Work item:
Look below for the line that has "EAN 8595247907035 - Axagon"; output exactly from it through the line that has "Timeless Floral Lab", and leave the pictures out.

===== Source material =====

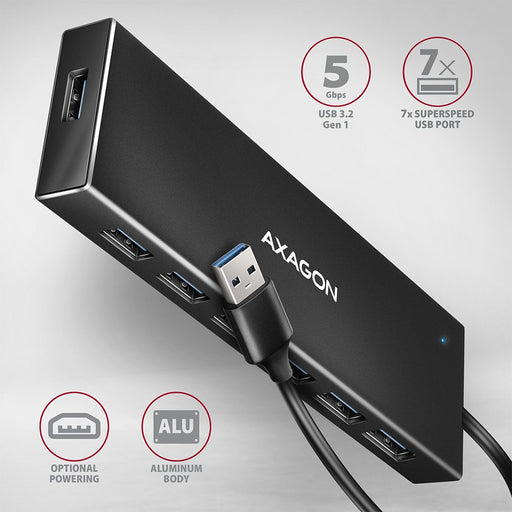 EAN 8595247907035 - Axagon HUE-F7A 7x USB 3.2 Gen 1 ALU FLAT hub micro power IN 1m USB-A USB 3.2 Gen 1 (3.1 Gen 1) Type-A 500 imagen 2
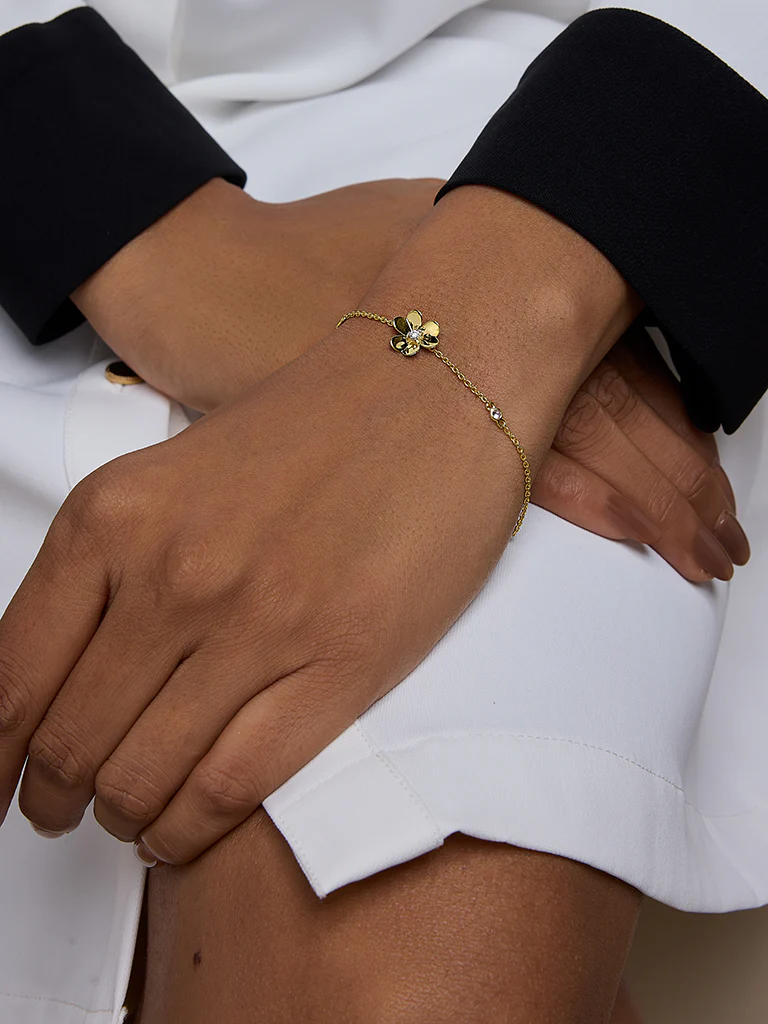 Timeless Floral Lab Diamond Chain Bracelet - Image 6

=====
===== Source material =====

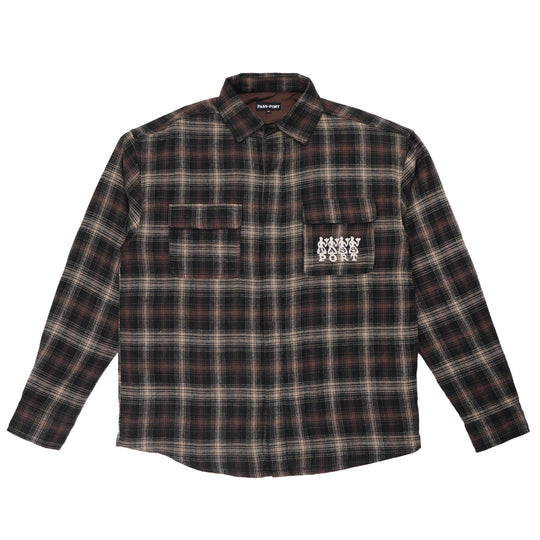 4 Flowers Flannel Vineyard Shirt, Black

=====
===== Source material =====

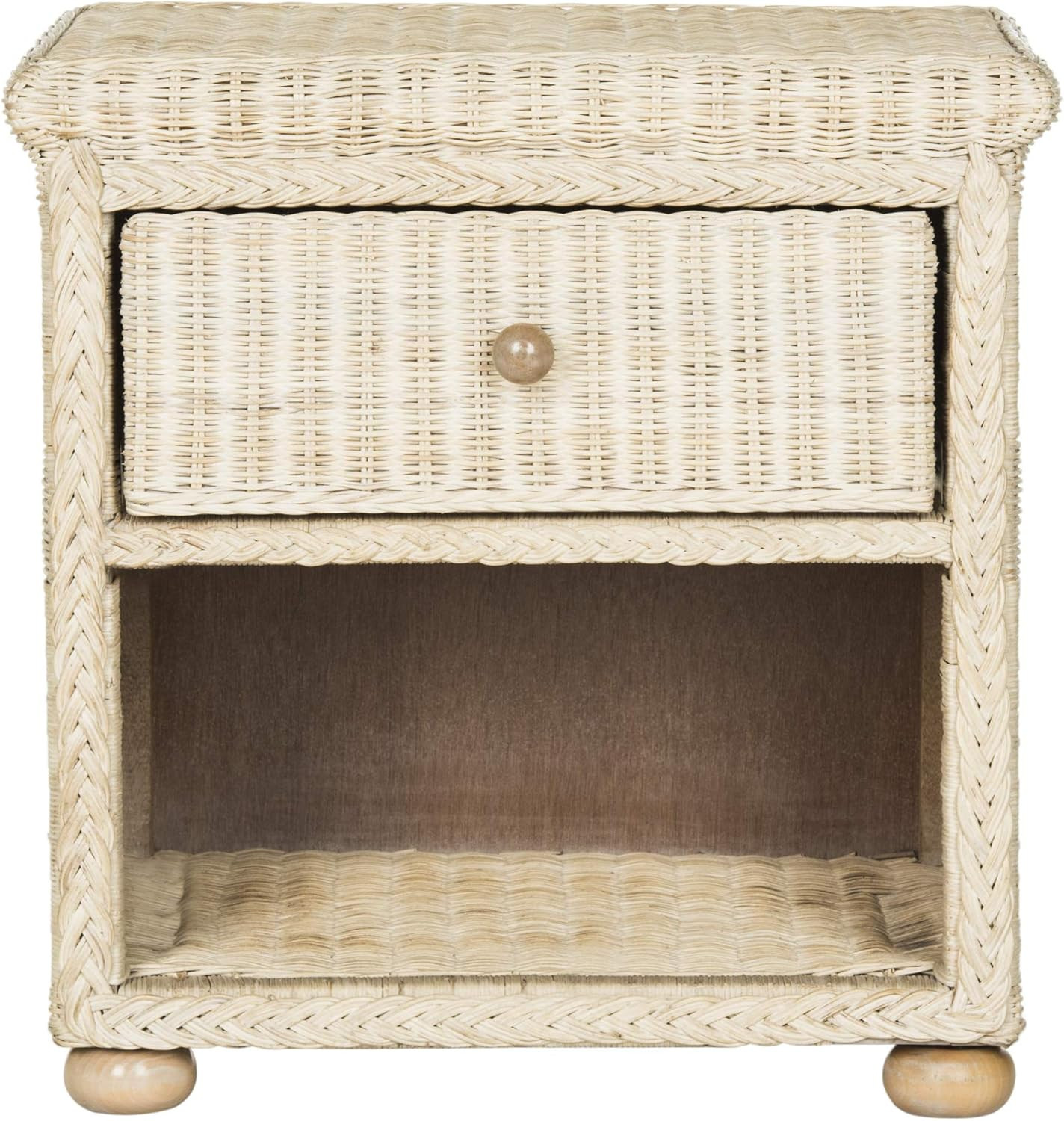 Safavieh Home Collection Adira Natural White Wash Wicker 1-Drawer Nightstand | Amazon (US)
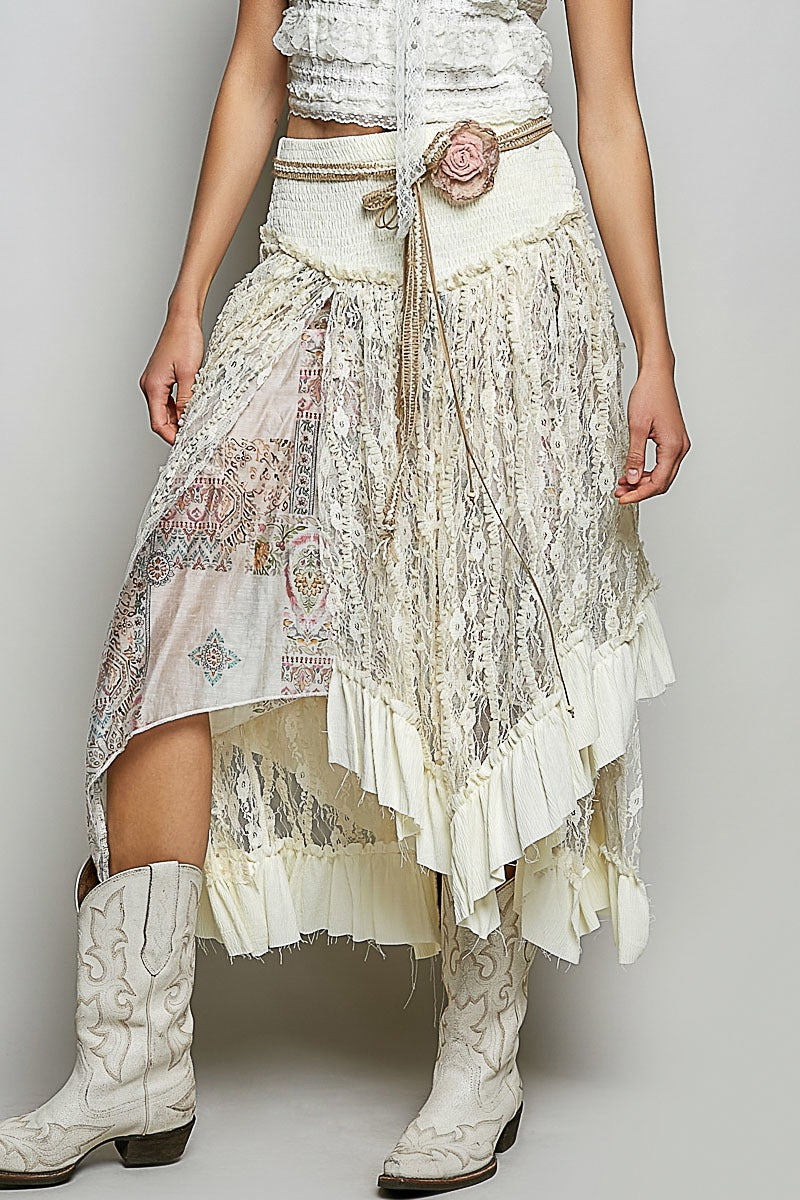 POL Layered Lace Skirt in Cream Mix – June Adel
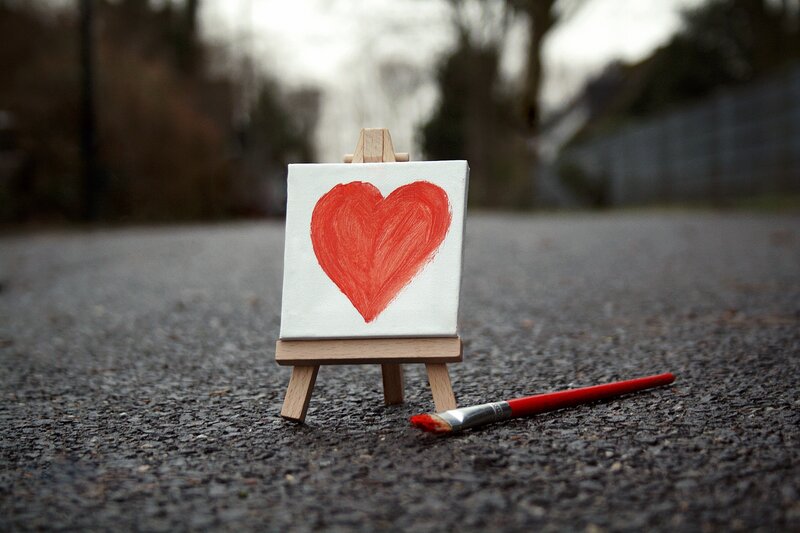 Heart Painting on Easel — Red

=====

Answer section:
 EAN 8595247907035 - Axagon HUE-F7A 7x USB 3.2 Gen 1 ALU FLAT hub micro power IN 1m USB-A USB 3.2 Gen 1 (3.1 Gen 1) Type-A 500 imagen 2
 Timeless Floral Lab Diamond Chain Bracelet - Image 6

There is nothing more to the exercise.